El drama de la transferencia del gobierno edilicio en Lima es tan solo uno entre los más de dos mil dramas presentes en la cesión de los gobiernos subnacionales en todo el país. A pesar del escándalo, la animosidad con la que procede el cambio de gestión en la capital es, en comparación con otros, menos grave. En la mayoría de casos priman escenarios donde no hay posta que dejar porque simplemente se abandonan los cargos y campea el desahucio administrativo. Si las partes encargadas no son capaces siquiera de comunicar las contraseñas de las cuentas oficiales en redes sociales, imagínese el resto del inventario. Estos son solo algunos resultados de una profunda crisis estructural que sufre la institución municipal a lo largo del territorio.
La transferencia es un proceso administrativo ideado para ángeles: ni siquiera la Contraloría participa activamente. Parte de la premisa de la colaboración mutua, de un proceso ordenado capaz de asegurar la continuidad de un proyecto común.
¿Qué sucede cuando la autoridad saliente ha sido rival electoral apenas unas semanas antes de la sucesión? ¿Cuál es el ánimo de ceder el poder al enemigo político, al potencial promotor de una revocatoria? ¿Qué de bueno puede resultar para los vecinos si quienes lideran las gestiones –la saliente y la entrante– ni siquiera se reúnen para tomarse un té? ¿Sabe usted que para la transferencia en Lima, Susana Villarán y Luis Castañeda no se reunieron?
El escenario se complica cuando no existe un modelo a seguir ni mucho menos una tecnocracia que, en el peor de los casos, pueda gobernar una ciudad en “piloto automático”. Lima ha sido dirigida en las últimas décadas por proyectos personalistas. Obras de Belmont, Somos Perú de Andrade y Solidaridad Nacional de Castañeda llevaron al cabildo a funcionarios leales a los designios del político articulador (que ni siquiera llegó a caudillo).
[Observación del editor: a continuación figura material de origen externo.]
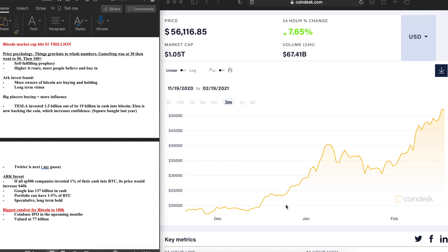What's going on traders, welcome back to another video. Today we are going to be talking about Bitcoin and why I truly believe it is going to $100,000 this year. If you guys haven't already, make sure you leave a like if you believe it'll hit $100k this year and share your overall thoughts and positions on Bitcoin in the comment section down below.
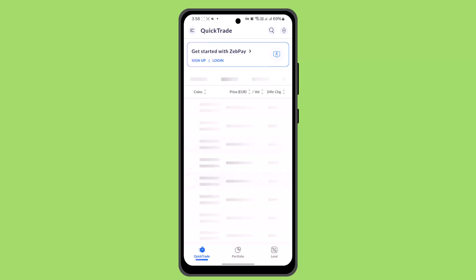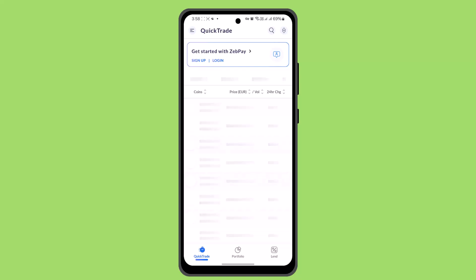From the home page, navigate to the withdrawal options. When you've done that, you'll be asked to choose the cryptocurrency you wish to withdraw — for example, Bitcoin, Ethereum, Litecoin, or whatever. Then you need to enter the address of the external wallet where you want to send the cryptocurrency. Ensure that the address is correct, as cryptocurrency transactions are irreversible.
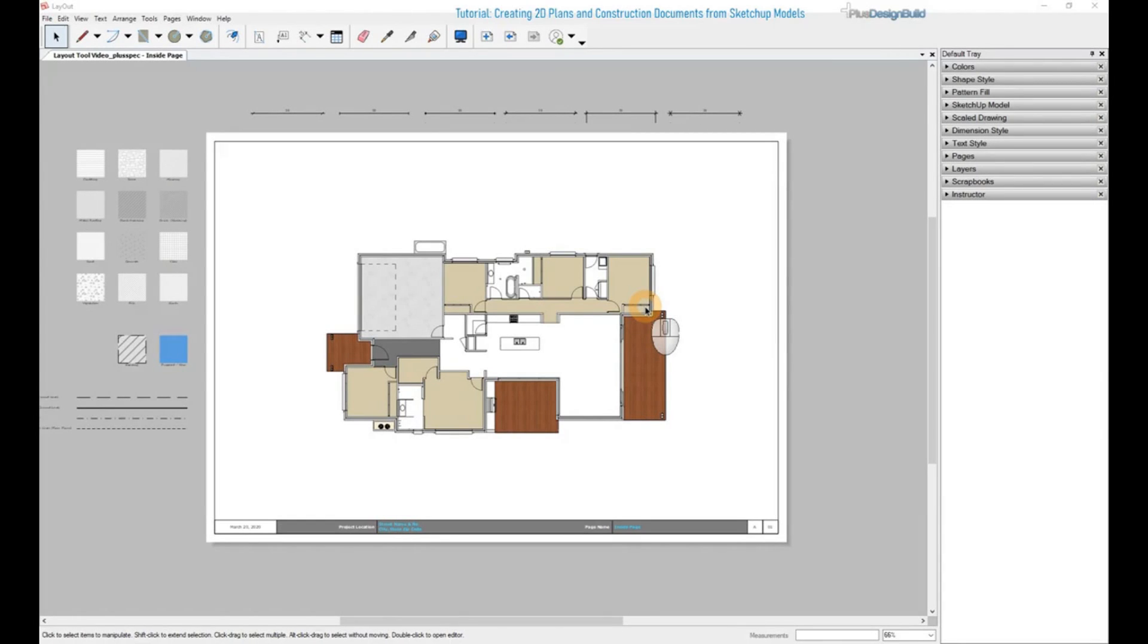G'day guys, in this video I'll be showing you how to quickly create 2D documentation using the PlusSpec layout tool.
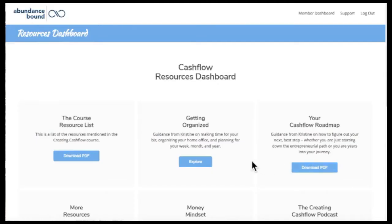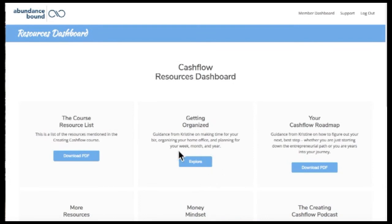Another resource that I want to draw your attention to is the getting organized section. This section includes a PDF with my guidance about how to fit this ongoing project of creating more cash flow into your life and schedule.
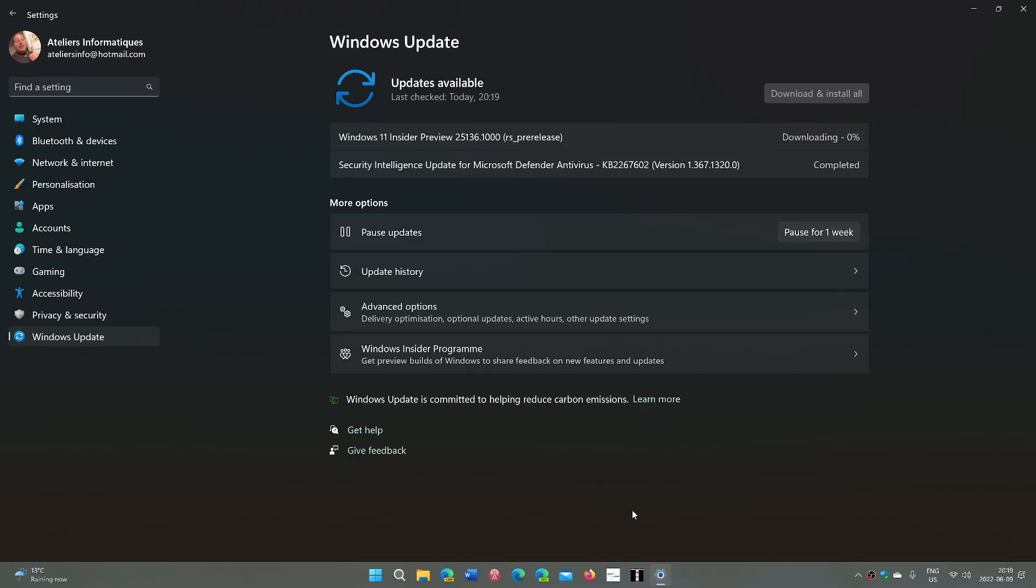Welcome to the Windows Computer and Technology channel. As I was talking about earlier when I discussed some of the new apps in the dev channel, the Windows Media Player and the Notepad, we now have a new build that was released much later than usual on this Thursday, June 9th, 2022.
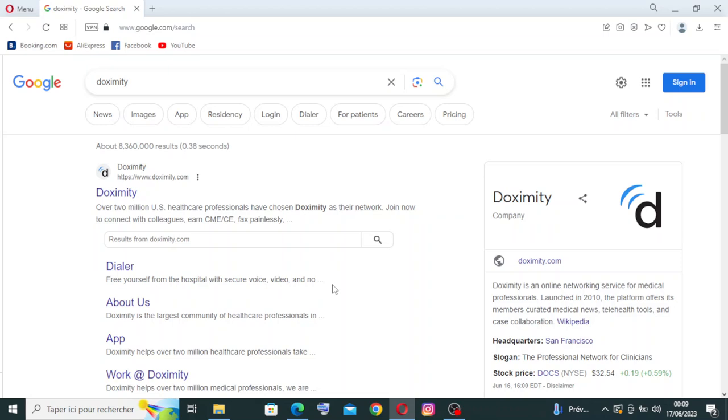Are you a healthcare professional looking to connect, collaborate and stay updated in your field? Look no further than Doximity.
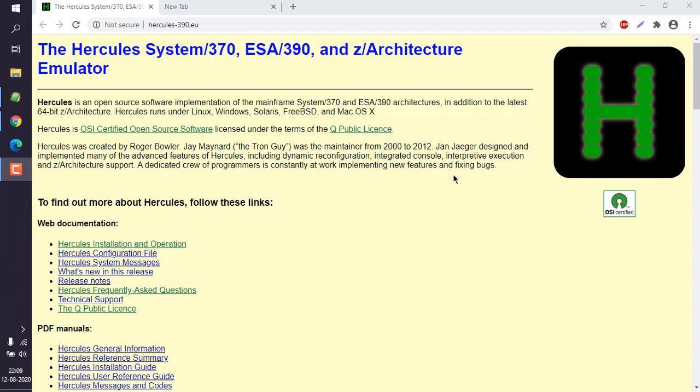Okay, so we will take a look at how to install Hercules emulator on Windows. Basically, this is Hercules System/370, ESA/390, and z/Architecture Emulator. If you go to hercules-390.eu, you can find a page that looks something like this.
Sus gobiernos fueron réplicas de su estilo inorgánico. Cuando se intentó algo más que eso –Fuerza Social o Diálogo Vecinal de Villarán–, el intento no cuajó. Salvo la transferencia entre Belmont y Andrade, todas las demás se dieron entre rivales políticos directos; con la suficiente sangre en el ojo para sabotear al sucesor y borrar lo avanzado por el antecesor.
A diferencia de lo que sucede en el Gobierno Central –donde queramos o no la lógica de la economía de mercado ganó la batalla de las ideas–, la transmisión de mando en Lima carece de sentido común.
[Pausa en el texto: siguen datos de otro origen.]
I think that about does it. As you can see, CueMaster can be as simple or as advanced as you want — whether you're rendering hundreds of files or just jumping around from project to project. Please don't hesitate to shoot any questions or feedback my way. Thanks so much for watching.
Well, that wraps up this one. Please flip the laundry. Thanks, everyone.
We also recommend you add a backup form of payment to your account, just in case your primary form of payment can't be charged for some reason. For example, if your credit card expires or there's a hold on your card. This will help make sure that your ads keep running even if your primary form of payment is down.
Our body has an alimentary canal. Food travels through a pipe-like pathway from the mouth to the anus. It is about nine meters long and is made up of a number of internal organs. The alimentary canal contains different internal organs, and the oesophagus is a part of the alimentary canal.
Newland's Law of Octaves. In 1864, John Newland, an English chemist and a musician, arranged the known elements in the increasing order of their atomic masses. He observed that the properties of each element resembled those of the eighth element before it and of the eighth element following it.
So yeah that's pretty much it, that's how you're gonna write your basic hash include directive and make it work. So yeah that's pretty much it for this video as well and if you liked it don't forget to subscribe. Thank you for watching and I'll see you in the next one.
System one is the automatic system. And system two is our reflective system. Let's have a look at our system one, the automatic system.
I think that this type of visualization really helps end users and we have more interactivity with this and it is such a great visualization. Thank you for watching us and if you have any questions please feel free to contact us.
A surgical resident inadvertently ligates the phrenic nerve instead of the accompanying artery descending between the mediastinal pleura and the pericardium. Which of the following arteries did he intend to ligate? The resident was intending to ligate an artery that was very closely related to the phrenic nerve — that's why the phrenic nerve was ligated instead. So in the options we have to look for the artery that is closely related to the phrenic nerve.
Simplemente no hay ideas que imponer, debatir o negociar. Nadie quiere “construir el segundo piso” de su antecesor (Toledo dixit); cada cual tiene complejo de Adán.
Se asume la gestión de la capital como una escala (¿imposible?) hacia Palacio y no como el “premio mayor” (recuerde que todos los alcaldes capitalinos citados han sido candidatos presidenciales).
El incentivo no es pasar a la historia ni servir como funcionario público, sino escalar intereses particulares.
En este contexto llegamos a un aniversario más de la ciudad, asentando el camino de la improvisación y del cortoplacismo sin alternativa viable. Como resultado, las transferencias fallan en sus dimensiones política, administrativa y técnica.